Stage / Feature Variables Available Notes
--filter, --exec, --exec-file line, e, meta, conf, state Per-event context. e and state are writable; the others are read-only. state only in sequential mode.
--filter / --exec with --window line, e, meta, conf, state, window Adds the sliding window array (current event at index 0; read-only). state only in sequential mode.
--begin conf, state Map to seed configuration before events arrive. conf is read-only; state is writable (sequential mode only).
--end metrics, conf, state Inspect final tracker totals in metrics and final state; conf and metrics are read-only. state only in sequential mode.
--span-close span, metrics, conf Summarises the closed span with per-span data (span) and cumulative totals (metrics). All read-only.

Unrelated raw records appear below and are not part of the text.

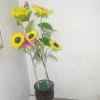 夏日葵花的头像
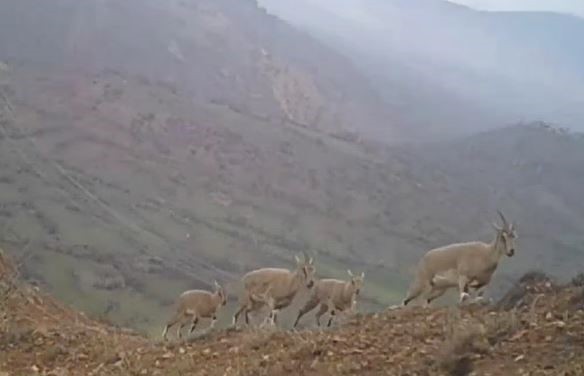 Bu kareler Afrika'dan değil Türkiye'den... Doğa koruma parkında kaydedilen görüntülerde yüzlerce canlı objektiflere yakalandı - Resim : 2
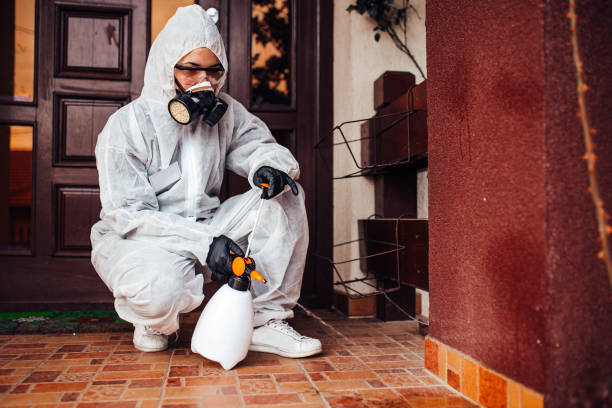 Reliable Cockroach Control contractor in Huron, CA by Nex Pest Control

Reading a variable that does not exist in the current stage raises a Rhai error. Variables listed here are populated with meaningful data (individual fields inside maps may still be ()). Other globals such as line/e exist behind the scenes for compatibility but start empty in stages where they are not useful.

Common Variables

line

  • Type: String
  • Snapshot of the text the parser captured for the current record. Structured formats strip trailing newlines before storing it, -f raw preserves every byte (including terminators), and --multiline reflects the chunk assembled by the multiline stage. Present in every stage and read-only.
  • You’ll also see the same text at meta.line; that copy travels with saved metadata (window snapshots, span hooks, cloned meta values) so the original record is still available later on.

e

  • Type: Map
  • Event map during per-event stages. Mutating e inside --exec updates the emitted event; setting a field to () removes it; assigning e = () clears the entire event. Writable.

meta

  • Type: Map
  • Metadata derived from the pipeline and span system. Attempting to mutate meta fields has no effect; use event fields on e for custom annotations instead. Read-only.
Key Type Description
line String Same as the standalone line variable.
line_num Int 1-based line number when input comes from files.
filename String Source filename, if known.
parsed_ts DateTime or () Parsed UTC timestamp before any --filter/--exec scripts. Missing if the event had no timestamp.
span_status String "included", "late", "unassigned", or "filtered" when spans are enabled. Missing otherwise.
span_id String or () Span identifier for the current event.
span_start / span_end DateTime or () Span bounds for the current event.

conf

  • Type: Map
  • Configuration produced by --begin and CLI options; the map is frozen so mutation attempts are ignored. Read-only.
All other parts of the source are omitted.